Canada’s annualised fourth-quarter GDP contracted by 0.6%, undershooting forecasts that had anticipated zero growth

by VT Markets
/
Feb 28, 2026

Canada’s GDP for the fourth quarter was reported at an annualised rate of -0.6%. This was below expectations of 0%.

The result means the economy shrank over the quarter on an annualised basis. The expected outcome had been no growth.

The fourth-quarter GDP contraction of -0.6% for 2025, which badly missed the flat expectation, confirms the Canadian economy is weaker than we thought. This puts significant pressure on the Bank of Canada to adopt a more dovish stance and consider cutting interest rates. Our immediate response is to position for a weaker Canadian dollar, as monetary policy is now likely to diverge further from that of the United States.

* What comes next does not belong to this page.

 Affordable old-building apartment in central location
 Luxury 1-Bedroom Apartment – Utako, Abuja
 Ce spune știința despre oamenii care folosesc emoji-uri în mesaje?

Looking at the latest data, January’s inflation remained sticky at 2.9%, while unemployment recently ticked up to 5.8%, painting a picture of a slowing economy that complicates the central bank’s next move. This environment suggests that even if the Bank of Canada doesn’t cut rates at its next meeting, its forward guidance will likely be very cautious. We are therefore looking to buy USD/CAD call options with expirations in the second quarter to capture this expected weakness in the loonie.

This negative growth is also a headwind for Canadian stocks, especially the big banks and consumer-focused companies on the TSX. Historically, periods of negative GDP surprises, like the one we saw through much of 2025, have led to Canadian equities underperforming their U.S. counterparts. Consequently, buying put options on a broad Canadian market index ETF provides a direct way to position for potential downside over the next several weeks.

In the interest rate market, we’ve seen a sharp repricing, with derivatives now suggesting a much higher probability of a rate cut by mid-year. This negative GDP print solidifies that view and should keep downward pressure on front-end bond yields. Traders should consider positions that will benefit from falling short-term rates, such as futures based on the Canadian Overnight Repo Rate Average (CORRA).